Aim of the exercise – Copy, from the material below, each line where "performer" shows up.

Records shown –

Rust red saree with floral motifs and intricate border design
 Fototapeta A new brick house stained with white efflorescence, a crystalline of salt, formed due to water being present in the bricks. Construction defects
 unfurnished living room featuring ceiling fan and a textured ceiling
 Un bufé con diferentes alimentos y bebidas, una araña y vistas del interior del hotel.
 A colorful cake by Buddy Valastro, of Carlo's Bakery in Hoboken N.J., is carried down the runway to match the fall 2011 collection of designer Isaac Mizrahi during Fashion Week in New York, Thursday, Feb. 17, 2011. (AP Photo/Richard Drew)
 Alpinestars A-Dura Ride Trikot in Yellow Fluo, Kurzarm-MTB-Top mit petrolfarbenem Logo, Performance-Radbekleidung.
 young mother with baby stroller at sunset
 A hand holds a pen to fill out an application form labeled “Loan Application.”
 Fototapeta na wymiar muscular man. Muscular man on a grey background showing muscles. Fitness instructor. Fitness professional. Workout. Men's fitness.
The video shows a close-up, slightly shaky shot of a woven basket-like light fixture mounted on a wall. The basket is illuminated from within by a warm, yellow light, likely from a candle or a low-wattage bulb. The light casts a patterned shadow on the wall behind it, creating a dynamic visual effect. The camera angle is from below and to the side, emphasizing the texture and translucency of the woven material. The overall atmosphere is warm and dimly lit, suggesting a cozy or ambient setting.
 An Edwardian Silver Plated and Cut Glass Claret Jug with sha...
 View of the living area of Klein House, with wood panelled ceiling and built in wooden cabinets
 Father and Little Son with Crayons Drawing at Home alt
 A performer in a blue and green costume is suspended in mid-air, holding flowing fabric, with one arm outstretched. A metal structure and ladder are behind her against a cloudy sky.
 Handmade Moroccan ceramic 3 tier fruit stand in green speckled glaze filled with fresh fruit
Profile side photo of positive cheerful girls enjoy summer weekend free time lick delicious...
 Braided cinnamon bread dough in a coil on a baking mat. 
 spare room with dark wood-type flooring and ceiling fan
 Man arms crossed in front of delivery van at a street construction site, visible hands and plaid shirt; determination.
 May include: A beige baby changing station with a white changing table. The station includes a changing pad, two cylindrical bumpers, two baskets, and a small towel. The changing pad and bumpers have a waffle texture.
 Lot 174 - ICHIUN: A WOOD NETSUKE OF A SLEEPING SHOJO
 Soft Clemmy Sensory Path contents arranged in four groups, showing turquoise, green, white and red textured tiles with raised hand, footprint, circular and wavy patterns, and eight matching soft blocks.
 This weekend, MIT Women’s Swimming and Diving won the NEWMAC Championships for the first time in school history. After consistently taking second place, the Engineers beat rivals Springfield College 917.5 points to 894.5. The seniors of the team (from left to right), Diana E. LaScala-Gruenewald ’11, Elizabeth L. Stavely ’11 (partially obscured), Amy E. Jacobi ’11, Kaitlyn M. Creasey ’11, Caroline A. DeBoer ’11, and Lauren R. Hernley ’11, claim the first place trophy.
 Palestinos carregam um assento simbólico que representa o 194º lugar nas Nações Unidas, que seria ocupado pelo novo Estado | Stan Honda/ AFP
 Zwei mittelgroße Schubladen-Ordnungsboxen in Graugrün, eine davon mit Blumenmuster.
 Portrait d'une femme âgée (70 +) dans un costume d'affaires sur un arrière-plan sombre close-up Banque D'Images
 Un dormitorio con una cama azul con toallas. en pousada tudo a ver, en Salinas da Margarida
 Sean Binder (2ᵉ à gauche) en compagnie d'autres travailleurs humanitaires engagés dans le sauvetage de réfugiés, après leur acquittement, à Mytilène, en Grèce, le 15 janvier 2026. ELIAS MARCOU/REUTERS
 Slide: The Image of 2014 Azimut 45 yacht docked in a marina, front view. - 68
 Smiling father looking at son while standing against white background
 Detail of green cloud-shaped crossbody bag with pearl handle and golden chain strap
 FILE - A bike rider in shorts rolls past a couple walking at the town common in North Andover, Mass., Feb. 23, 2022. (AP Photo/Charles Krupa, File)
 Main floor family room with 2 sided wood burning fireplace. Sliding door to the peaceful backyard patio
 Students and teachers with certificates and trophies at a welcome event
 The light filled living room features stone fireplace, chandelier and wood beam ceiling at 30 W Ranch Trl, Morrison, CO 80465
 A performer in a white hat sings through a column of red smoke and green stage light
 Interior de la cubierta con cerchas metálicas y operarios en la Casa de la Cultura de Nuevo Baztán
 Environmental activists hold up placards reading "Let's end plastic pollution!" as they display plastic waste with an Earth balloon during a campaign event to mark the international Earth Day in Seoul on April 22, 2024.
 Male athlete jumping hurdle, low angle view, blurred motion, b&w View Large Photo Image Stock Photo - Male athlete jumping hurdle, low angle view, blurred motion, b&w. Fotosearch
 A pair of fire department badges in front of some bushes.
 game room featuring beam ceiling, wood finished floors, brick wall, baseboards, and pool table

Your response –
 A performer in a blue and green costume is suspended in mid-air, holding flowing fabric, with one arm outstretched. A metal structure and ladder are behind her against a cloudy sky.
 A performer in a white hat sings through a column of red smoke and green stage light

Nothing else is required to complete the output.